Come ho scritto anche all’interno del mio saggio del 2017 Il mondo secondo la fisica quantistica (Sperling & Kupfer Editore), la mia personale opinione “è che la filosofia e la fisica – che dialogano fra loro dal tempo degli antichi greci e probabilmente ancora da prima – con l’avvento della fisica quantistica sono state obbligate a confrontarsi profondamente l’una con l’altra per cercare di definire, assieme, una nuova chiave di lettura della realtà”. Premetto questa considerazione, perché ritengo – almeno per quanto mi riguarda – che non esista una distinzione fra quello che, in quanto fisico, conosco della Natura e ciò che, come Uomo, ho la possibilità di esperire ogni giorno. E naturalmente, questa mia posizione vale anche nei confronti del tempo.
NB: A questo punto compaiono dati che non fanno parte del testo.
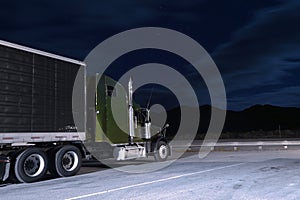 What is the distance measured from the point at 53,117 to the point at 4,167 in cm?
224

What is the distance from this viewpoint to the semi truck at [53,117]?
1041 centimetres

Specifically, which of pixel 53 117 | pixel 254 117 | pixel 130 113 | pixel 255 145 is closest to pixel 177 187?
pixel 53 117

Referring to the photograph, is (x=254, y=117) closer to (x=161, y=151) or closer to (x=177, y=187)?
(x=161, y=151)

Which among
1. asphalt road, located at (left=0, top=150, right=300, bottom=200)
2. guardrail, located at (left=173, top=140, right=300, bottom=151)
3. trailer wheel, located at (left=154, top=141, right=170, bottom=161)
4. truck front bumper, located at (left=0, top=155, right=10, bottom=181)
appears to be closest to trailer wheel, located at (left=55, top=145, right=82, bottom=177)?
asphalt road, located at (left=0, top=150, right=300, bottom=200)

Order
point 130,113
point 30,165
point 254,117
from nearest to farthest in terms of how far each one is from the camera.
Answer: point 30,165
point 130,113
point 254,117

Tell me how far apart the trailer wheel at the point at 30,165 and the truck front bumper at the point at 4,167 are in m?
0.29

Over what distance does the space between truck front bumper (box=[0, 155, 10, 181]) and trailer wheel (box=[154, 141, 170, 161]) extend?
304 inches

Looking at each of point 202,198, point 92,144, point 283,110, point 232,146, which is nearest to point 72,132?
point 92,144

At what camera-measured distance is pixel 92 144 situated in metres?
13.4

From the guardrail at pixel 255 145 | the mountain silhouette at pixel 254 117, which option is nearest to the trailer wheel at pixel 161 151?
the guardrail at pixel 255 145

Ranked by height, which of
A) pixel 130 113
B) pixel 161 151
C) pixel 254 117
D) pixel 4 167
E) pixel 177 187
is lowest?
pixel 177 187

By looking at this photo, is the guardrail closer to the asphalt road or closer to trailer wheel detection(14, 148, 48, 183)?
the asphalt road

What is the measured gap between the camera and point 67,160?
12.1m

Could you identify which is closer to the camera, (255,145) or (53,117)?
(53,117) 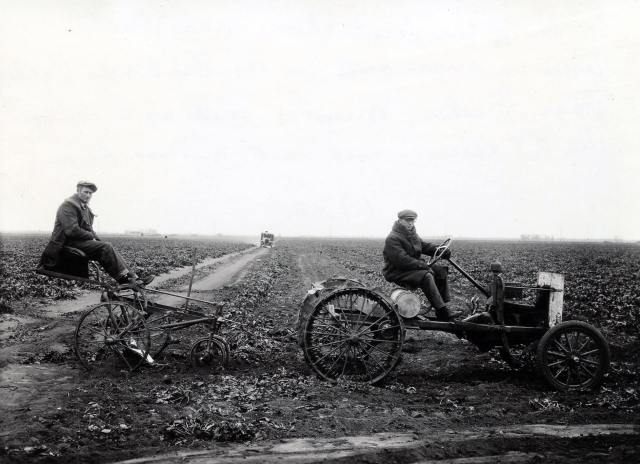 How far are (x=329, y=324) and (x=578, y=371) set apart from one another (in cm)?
327

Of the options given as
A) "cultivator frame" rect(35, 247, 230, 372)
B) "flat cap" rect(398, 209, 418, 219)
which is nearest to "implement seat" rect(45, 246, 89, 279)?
"cultivator frame" rect(35, 247, 230, 372)

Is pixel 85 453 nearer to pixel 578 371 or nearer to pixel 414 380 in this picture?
pixel 414 380

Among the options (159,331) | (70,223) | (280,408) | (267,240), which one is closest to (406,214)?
(280,408)

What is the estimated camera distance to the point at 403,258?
20.4 feet

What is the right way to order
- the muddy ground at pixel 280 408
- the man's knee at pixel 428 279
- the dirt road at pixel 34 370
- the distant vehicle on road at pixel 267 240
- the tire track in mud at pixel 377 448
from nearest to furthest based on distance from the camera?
1. the tire track in mud at pixel 377 448
2. the muddy ground at pixel 280 408
3. the dirt road at pixel 34 370
4. the man's knee at pixel 428 279
5. the distant vehicle on road at pixel 267 240

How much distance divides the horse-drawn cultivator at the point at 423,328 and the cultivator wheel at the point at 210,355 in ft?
4.03

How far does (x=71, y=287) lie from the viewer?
15008 mm

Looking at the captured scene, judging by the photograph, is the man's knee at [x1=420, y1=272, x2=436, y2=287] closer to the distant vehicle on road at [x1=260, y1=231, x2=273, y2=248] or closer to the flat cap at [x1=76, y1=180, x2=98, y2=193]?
the flat cap at [x1=76, y1=180, x2=98, y2=193]

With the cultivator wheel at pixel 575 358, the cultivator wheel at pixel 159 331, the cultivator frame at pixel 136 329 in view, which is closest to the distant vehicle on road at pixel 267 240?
the cultivator wheel at pixel 159 331

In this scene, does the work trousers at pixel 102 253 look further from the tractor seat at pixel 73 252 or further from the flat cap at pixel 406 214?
the flat cap at pixel 406 214

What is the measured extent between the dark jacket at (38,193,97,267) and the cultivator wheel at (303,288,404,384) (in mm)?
3243

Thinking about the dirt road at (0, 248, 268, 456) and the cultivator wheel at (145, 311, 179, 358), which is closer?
the dirt road at (0, 248, 268, 456)

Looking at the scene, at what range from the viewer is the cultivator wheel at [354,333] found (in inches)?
237

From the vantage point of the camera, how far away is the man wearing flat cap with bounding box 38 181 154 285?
19.7 feet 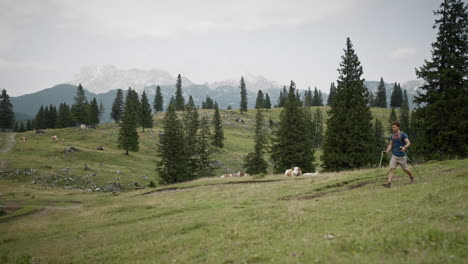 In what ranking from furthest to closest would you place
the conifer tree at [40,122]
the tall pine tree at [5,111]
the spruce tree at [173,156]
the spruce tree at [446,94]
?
the conifer tree at [40,122], the tall pine tree at [5,111], the spruce tree at [173,156], the spruce tree at [446,94]

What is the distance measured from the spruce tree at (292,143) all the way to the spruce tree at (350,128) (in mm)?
5248

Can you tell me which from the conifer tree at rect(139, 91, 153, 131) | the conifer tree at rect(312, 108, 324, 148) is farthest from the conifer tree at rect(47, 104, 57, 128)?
the conifer tree at rect(312, 108, 324, 148)

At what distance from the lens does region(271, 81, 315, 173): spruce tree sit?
39.8 meters

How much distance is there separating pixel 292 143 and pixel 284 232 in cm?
3219

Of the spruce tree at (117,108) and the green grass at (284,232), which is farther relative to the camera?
the spruce tree at (117,108)

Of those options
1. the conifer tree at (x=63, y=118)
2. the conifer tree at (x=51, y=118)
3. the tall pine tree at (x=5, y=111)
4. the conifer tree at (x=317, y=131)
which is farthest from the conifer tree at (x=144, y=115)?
the conifer tree at (x=317, y=131)

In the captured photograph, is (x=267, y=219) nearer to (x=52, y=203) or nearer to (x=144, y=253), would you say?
(x=144, y=253)

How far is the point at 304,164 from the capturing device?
130ft

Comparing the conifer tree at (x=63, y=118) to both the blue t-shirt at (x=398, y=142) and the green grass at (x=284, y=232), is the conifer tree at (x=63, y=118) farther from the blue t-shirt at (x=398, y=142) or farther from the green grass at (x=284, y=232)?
the blue t-shirt at (x=398, y=142)

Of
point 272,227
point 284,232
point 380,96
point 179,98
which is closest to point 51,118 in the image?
point 179,98

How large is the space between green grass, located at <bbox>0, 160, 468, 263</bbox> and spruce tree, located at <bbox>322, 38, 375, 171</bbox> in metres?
13.1

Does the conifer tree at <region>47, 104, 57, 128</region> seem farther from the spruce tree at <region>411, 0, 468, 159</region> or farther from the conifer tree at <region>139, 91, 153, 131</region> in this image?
the spruce tree at <region>411, 0, 468, 159</region>

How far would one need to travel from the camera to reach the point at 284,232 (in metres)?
9.08

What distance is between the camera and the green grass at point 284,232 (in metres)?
6.38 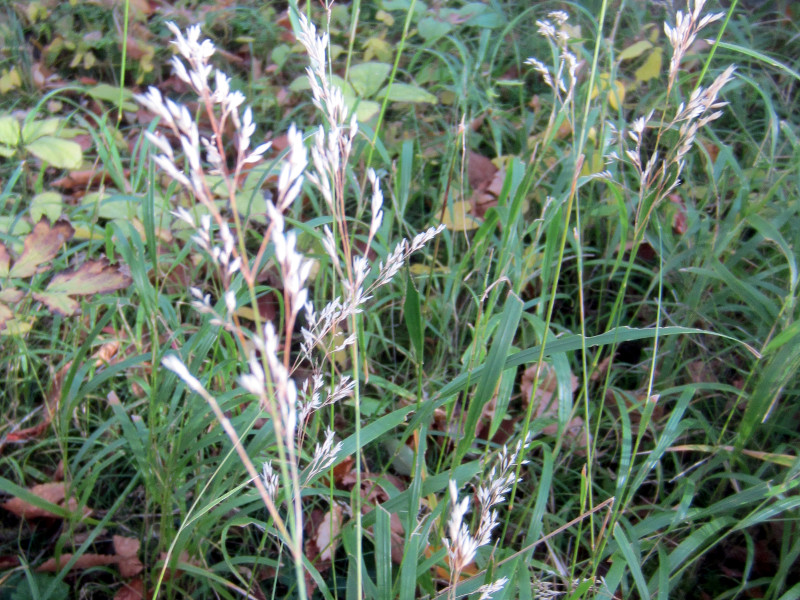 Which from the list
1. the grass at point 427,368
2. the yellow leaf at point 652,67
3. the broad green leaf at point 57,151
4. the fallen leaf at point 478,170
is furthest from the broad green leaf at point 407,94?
the broad green leaf at point 57,151

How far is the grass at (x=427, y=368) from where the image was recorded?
935 mm

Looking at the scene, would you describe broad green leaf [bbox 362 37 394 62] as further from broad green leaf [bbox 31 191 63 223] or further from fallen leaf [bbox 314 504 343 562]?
fallen leaf [bbox 314 504 343 562]

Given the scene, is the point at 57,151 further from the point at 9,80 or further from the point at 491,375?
the point at 491,375

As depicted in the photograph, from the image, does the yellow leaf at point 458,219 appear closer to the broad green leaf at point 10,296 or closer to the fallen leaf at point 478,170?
the fallen leaf at point 478,170

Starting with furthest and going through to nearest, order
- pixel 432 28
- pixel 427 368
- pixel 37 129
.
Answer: pixel 432 28
pixel 37 129
pixel 427 368

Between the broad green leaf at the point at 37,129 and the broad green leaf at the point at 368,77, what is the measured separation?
0.89 meters

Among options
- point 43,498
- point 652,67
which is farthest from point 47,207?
point 652,67

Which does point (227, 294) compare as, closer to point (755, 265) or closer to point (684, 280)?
point (684, 280)

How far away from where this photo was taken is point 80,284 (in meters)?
1.21

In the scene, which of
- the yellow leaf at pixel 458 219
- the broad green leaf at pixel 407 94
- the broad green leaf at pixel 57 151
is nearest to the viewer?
the broad green leaf at pixel 57 151

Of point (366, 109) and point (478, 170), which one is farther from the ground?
point (366, 109)

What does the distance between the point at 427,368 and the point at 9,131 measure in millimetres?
1332

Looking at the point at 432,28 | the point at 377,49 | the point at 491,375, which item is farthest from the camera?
the point at 377,49

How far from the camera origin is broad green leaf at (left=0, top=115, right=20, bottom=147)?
1.64m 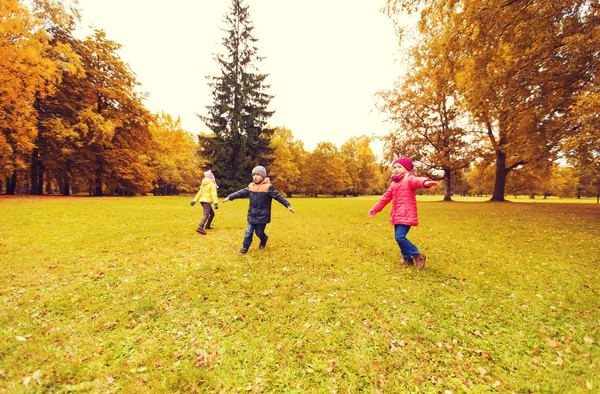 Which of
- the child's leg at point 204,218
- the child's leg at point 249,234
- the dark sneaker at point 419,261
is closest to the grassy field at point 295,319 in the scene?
the dark sneaker at point 419,261

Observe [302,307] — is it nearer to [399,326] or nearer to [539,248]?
[399,326]

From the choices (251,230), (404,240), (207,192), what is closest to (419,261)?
(404,240)

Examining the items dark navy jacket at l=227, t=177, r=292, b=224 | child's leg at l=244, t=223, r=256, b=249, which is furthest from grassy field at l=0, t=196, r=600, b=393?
dark navy jacket at l=227, t=177, r=292, b=224

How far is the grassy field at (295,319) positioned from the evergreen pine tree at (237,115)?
2835cm

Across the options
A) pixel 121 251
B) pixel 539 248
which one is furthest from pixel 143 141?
pixel 539 248

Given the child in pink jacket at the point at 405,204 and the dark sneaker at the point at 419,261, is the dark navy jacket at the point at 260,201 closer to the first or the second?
the child in pink jacket at the point at 405,204

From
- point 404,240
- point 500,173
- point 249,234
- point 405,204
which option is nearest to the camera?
point 405,204

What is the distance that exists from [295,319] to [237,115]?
1398 inches

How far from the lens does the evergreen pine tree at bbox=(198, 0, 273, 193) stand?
35812mm

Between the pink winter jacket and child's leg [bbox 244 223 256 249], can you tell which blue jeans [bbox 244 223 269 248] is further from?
the pink winter jacket

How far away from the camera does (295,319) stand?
4.26 m

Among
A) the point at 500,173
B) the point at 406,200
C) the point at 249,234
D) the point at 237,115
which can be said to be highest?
the point at 237,115

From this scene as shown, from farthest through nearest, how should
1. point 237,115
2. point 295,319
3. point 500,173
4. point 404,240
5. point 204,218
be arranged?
1. point 237,115
2. point 500,173
3. point 204,218
4. point 404,240
5. point 295,319

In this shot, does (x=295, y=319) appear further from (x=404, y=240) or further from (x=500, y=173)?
(x=500, y=173)
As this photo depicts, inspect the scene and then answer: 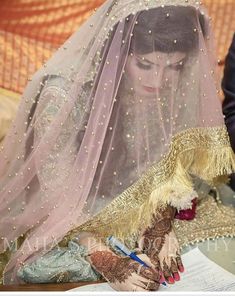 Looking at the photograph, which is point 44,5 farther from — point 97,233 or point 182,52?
point 97,233

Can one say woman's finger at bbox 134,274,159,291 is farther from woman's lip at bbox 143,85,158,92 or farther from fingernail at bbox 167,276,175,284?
woman's lip at bbox 143,85,158,92

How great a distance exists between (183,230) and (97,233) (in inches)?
10.6

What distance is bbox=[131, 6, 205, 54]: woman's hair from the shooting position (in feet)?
4.25

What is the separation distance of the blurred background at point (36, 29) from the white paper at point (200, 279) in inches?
36.1

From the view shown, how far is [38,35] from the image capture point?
2053 mm

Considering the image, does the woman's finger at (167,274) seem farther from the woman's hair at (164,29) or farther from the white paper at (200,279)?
A: the woman's hair at (164,29)

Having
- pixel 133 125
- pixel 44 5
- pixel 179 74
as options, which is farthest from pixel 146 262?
pixel 44 5

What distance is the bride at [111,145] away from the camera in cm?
131

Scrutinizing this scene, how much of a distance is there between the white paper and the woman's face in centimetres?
44

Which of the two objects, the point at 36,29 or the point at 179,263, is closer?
the point at 179,263

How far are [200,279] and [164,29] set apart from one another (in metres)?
0.60

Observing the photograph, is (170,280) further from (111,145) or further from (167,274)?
(111,145)

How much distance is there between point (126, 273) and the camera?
124 cm

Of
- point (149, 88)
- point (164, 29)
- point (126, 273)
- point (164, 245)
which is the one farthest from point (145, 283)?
point (164, 29) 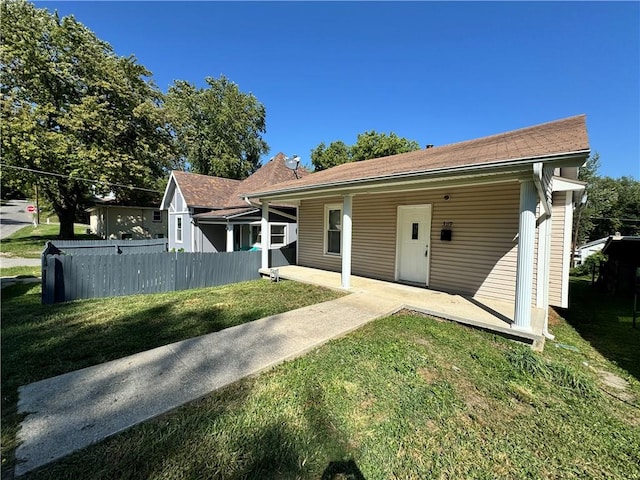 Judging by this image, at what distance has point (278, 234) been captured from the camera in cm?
1312

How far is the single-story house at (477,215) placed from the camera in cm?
414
Il Dasein di Heidegger, come Essere costituito dalla propria temporalità, è una definizione traducibile con “Esser-ci” (espressione introdotta da Pietro Chiodi), dove il suffisso “ci” serve per indicare la modalità con cui l’Essere si manifesta concretamente nella storia. Dasein, quindi, nella mia personale comprensione può significare l’assumersi il proprio ruolo nel momento in cui è necessario farlo: essere ‘là’ e in quel momento. In questo senso, il passato, il presente e persino il futuro possono rivelarsi tutte occasioni giuste per esserci, in differenti modalità e situazioni. Certamente, ciò che è stato già lo conosciamo, quello che stiamo vivendo lo scopriamo attimo dopo attimo e sul futuro possiamo solo fare delle congetture e delle previsioni, ma se osserviamo questa tripartizione come un rivolo che scorre dalla sorgente e ingrossandosi si trasforma in un fiume per poi sfociare al mare, possiamo avvicinarci al senso stesso dell’ineluttabilità. È vero: il flusso dell’acqua potrebbe interrompersi per un periodo di tempo più o meno lungo, essere deviato da un impedimento o potrebbe verificarsi un qualsiasi altro evento; ciononostante, prima o poi arriverà al mare. E questa certezza, che contrasta ontologicamente con l’eterno presente di San Tommaso, diventa essa stessa dubbio quando, seduti in un punto della sponda, contempliamo solo quel breve tratto del fiume che ci si para dinnanzi.

Il dubbio, nella mia personale visione, diventa quindi l’unico strumento concreto a mia disposizione – sia come fisico sia come Uomo – per confrontarmi con la Natura, con la realtà e con il tempo. Una posizione già nota ed espressa chiaramente anche dal filosofo Bertrand Russell, “Non si dovrebbe mai esser certi di niente, perché nulla merita certezza, e così si dovrebbe sempre mantenere nelle proprie convinzioni un elemento di dubbio, e si dovrebbe essere in grado di agire con vigore malgrado il dubbio”; e ancora più radicalmente da Voltaire: “Il dubbio è scomodo ma la certezza è ridicola”.